EXERCISE:
Please transcribe every entry below exactly, without including the pictures.
RECORDS FOR THE EXERCISE Block Start
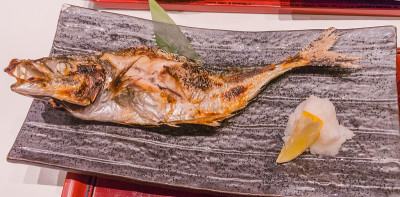 日本料理套装，生鱼片和烤鱼。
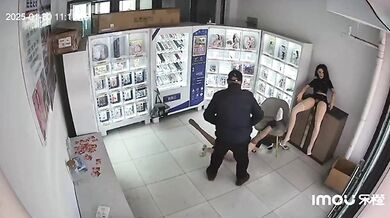 Stařík otestoval produkt přímo v erotickém obchodě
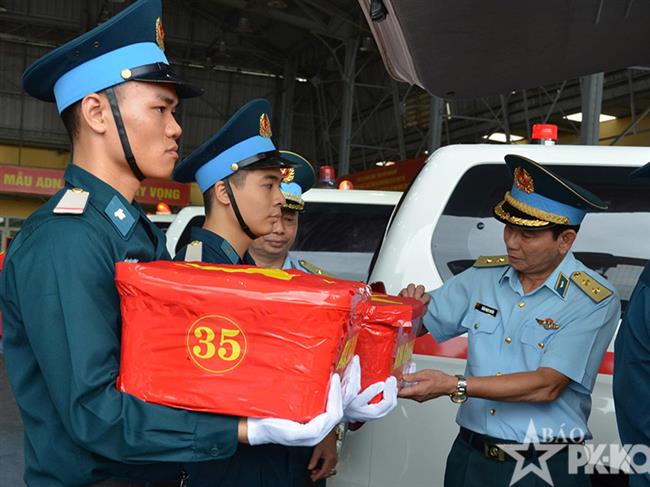 quan-chung-pk-kq-phoi-hop-voi-quan-khu-9-to-chuc-van-chuyen-ban-giao-15-072-mau-sinh-pham-hai-cot-liet-si-chua-ro-danh-tinh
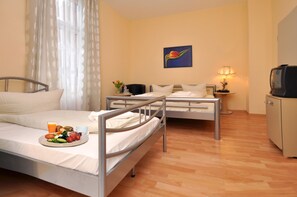 Habitación triple | Minibar y caja de seguridad en la habitación 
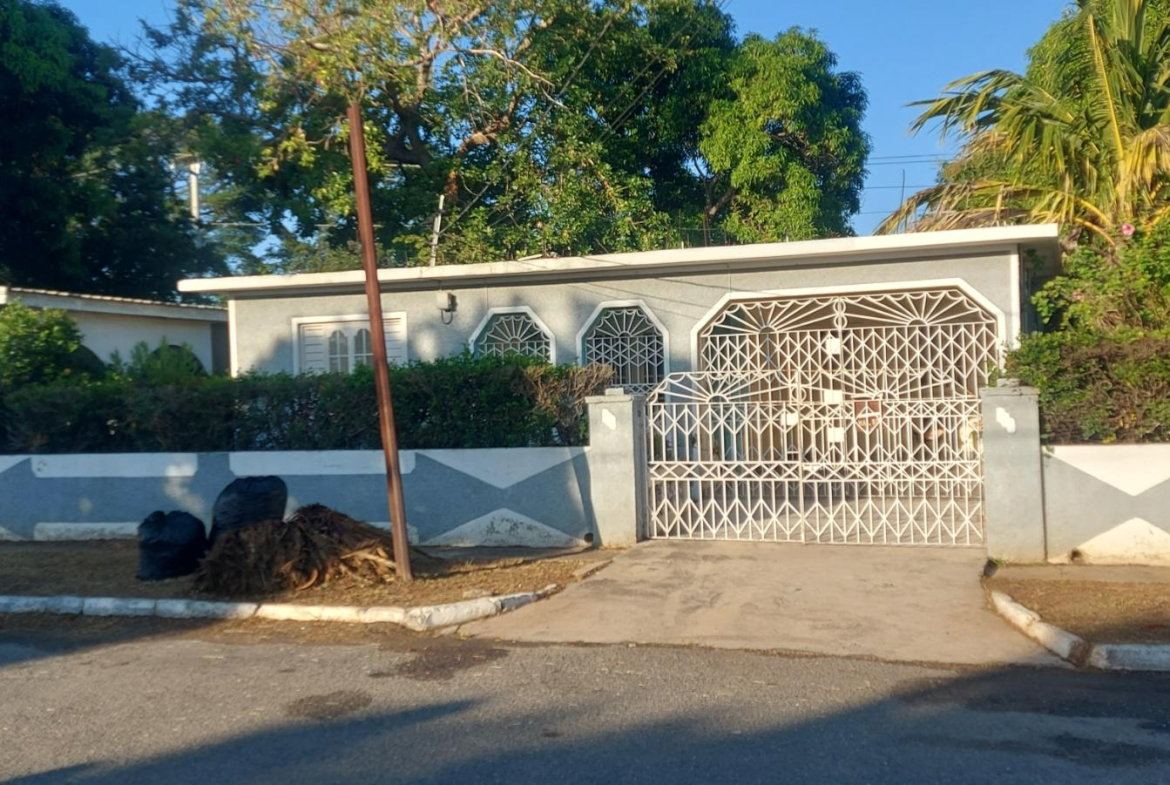 First image of 28 Meadowvale Drive in Gregory Park, St. Catherine, Jamaica - property is For Sale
RECORDS FOR THE EXERCISE Block End
SOLVED PROBLEM:
 日本料理套装，生鱼片和烤鱼。
 Stařík otestoval produkt přímo v erotickém obchodě
 quan-chung-pk-kq-phoi-hop-voi-quan-khu-9-to-chuc-van-chuyen-ban-giao-15-072-mau-sinh-pham-hai-cot-liet-si-chua-ro-danh-tinh
 Habitación triple | Minibar y caja de seguridad en la habitación 
 First image of 28 Meadowvale Drive in Gregory Park, St. Catherine, Jamaica - property is For Sale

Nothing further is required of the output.